10/9: Striking Out In Predictions, Paternity Tests
Before I even begin, the paternity test reference in today's entry title does NOT involve me (yet... ).
• A few entries ago I made my insta-predictions for this year’s MLB playoffs. Why has Al kkkeiper reprinted his predictions only for the division series match-ups? You’ll see.
NL PLAYOFFS:St. Louis vs. San Diego … I’ll say the Padres will win in four.
Los Angeles vs. New York … Oh what the hell – Dodgers in five.
AL PLAYOFFS:
Oakland vs Minnesota … They (Oakland) never make it out of the first round, so I’ll go with Minnesota in five.
Detroit vs New York … The Tigers are going to be one of those “Boy we’re sure happy to be here” stories, so I’ll say New York sweeps the series.
You know, there’s a certain satisfaction with being so off target that you end up striking nearby spectators instead.
• While listening to RIGHT-WING RADIO today, there was a man-on-the-street type of deal during a top-of-the-hour newscast. A New Yorker was asked what he thought of North Korea’s alleged nuclear weapons test that took place this past weekend. And what was this genius’ comment? “It’s very disturbing. There should be treaties to stop this sort of thing.” AHHHHHHHHHHHHHHHHHHHHHHH. I think what pisses me off the most about idiots like this is that their vote counts just the same as mine. Then again, I'm sure clueless commies think the same about me and my voting power.
• I have no idea who this chick is, but I like her. Apparently she achieved fame because she's hot and her boyfriend/husband (or whatever the hell he was) Jude Law was banging their ugly nanny or something.

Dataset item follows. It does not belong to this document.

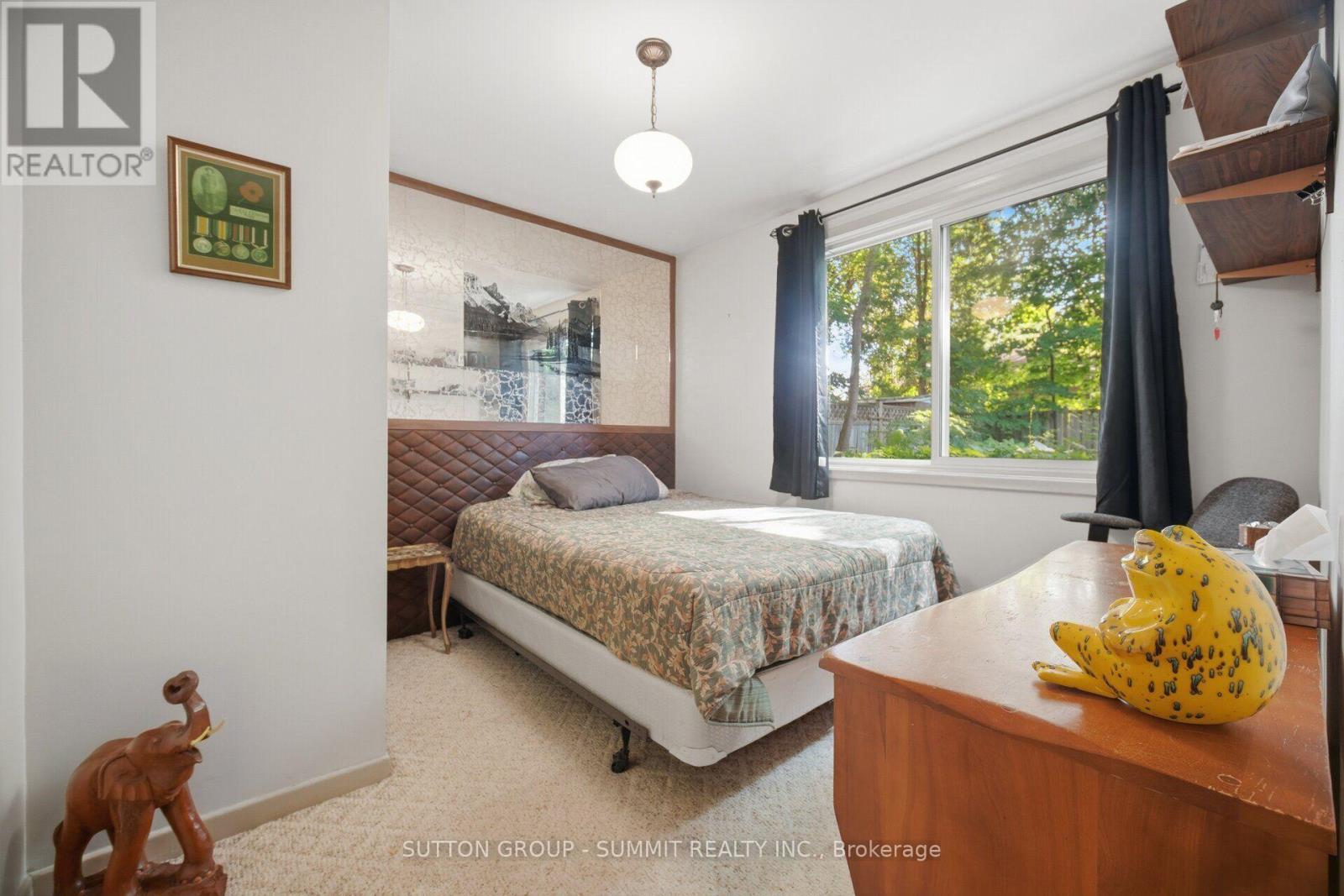 3359 Enniskillen Circle, Mississauga, Ontario  L5C 2M9 - Photo 33 - W13549648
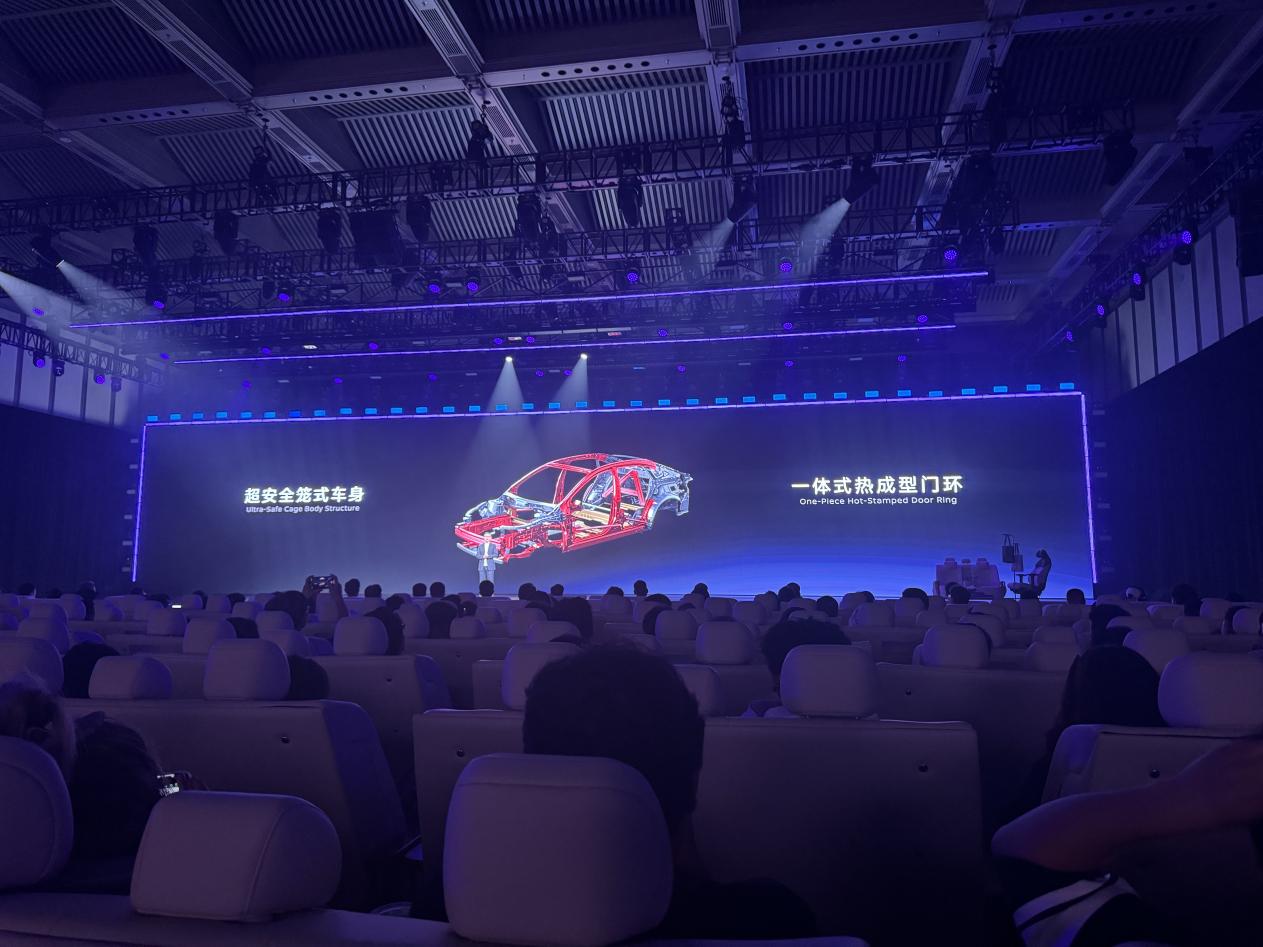 限时权益价919万元起 东风日产首款插混轿车N6上市(图8)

Nevertheless, I’m now her newest fan.
So, Sienna Miller doesn't like it here in Pittsburgh?
In town for the filming of "The Mysteries of Pittsburgh," the actress -- who claims she has led a relatively sheltered life (aside from dating Jude Law) -- tells Rolling Stone magazine in an article that will hit newsstands today that she's stuck not in "Blitzburgh," but rather in some place that sounds an awful lot like that, starting with an "S…”
• While looking for the above article, I stumbled across this one that fired me up. Sure the kid’s not yours, but you still gotta pay. And who says that red diaper doper baby judges don’t have too much power?
Dr. Mark Hudson always wondered why his son didn't look like him.
"My wife and I were both in (medical) residency at the time, and we used birth control religiously," said Hudson, 44, now divorced and remarried. "I actually asked her, at the time, if this was my child. She said, 'Of course.' Most people trust their spouse."
A genetic test last year confirmed his doubts.
Hudson, an anesthesiologist from Finleyville, Washington County, said a DNA test he commissioned showed another man had fathered the 12-year-old boy. Hudson was miffed when a judge recently ordered him to continue paying $2,800 a month in child support for two children, even though he fathered just one of them.
• You know it’s Monopoly time at McDonalds. How? Because rednecks from nearby counties and their out-of-state friends are thinking up ways to win the grand prize without having to gain 100 lbs from eating all those greasy burgers and sugar-laden soft drinks.
Two prize hungry suspects are accused of burglary, after McDonald's' workers busted them before they could run.
Indiana Borough, Indiana County police busted 2 men they say tried to steal a number of plastic cups from the Wayne Avenue McDonald's. Apparently the men were not thirsty, rather interested in the "Monopoly Game" pieces attached to the cups.
According to investigators, while one acted as a look out, the other hopped the counter to snag what they hoped to be plastic gold. The plan worked once early Sunday morning, but they went to the well one too many times.
Store employees caught them in the act, put down their brown food trays and then pinned one suspect to the ground until police arrived.
Robert George Kern, III of Long Green, Maryland faces theft, underage drinking and other charges. The suspected lookout, David C. Bivens of Indiana, Pennsylvania faces a criminal conspiracy count and much more.
• And now it’s time for the Dr. Laura call of the day (or whenever I feel like doing this). This lady has a sister who wants the two of them to go into business together. The caller's sister wants to start up an ice cream parlor business, but the caller has some reservations about doing so. Why? Because the sister has been caught in the past stealing from a church she used to work at. How much money did she swipe? $116,000 during a two-year period. What did the sister use the money for? Gambling.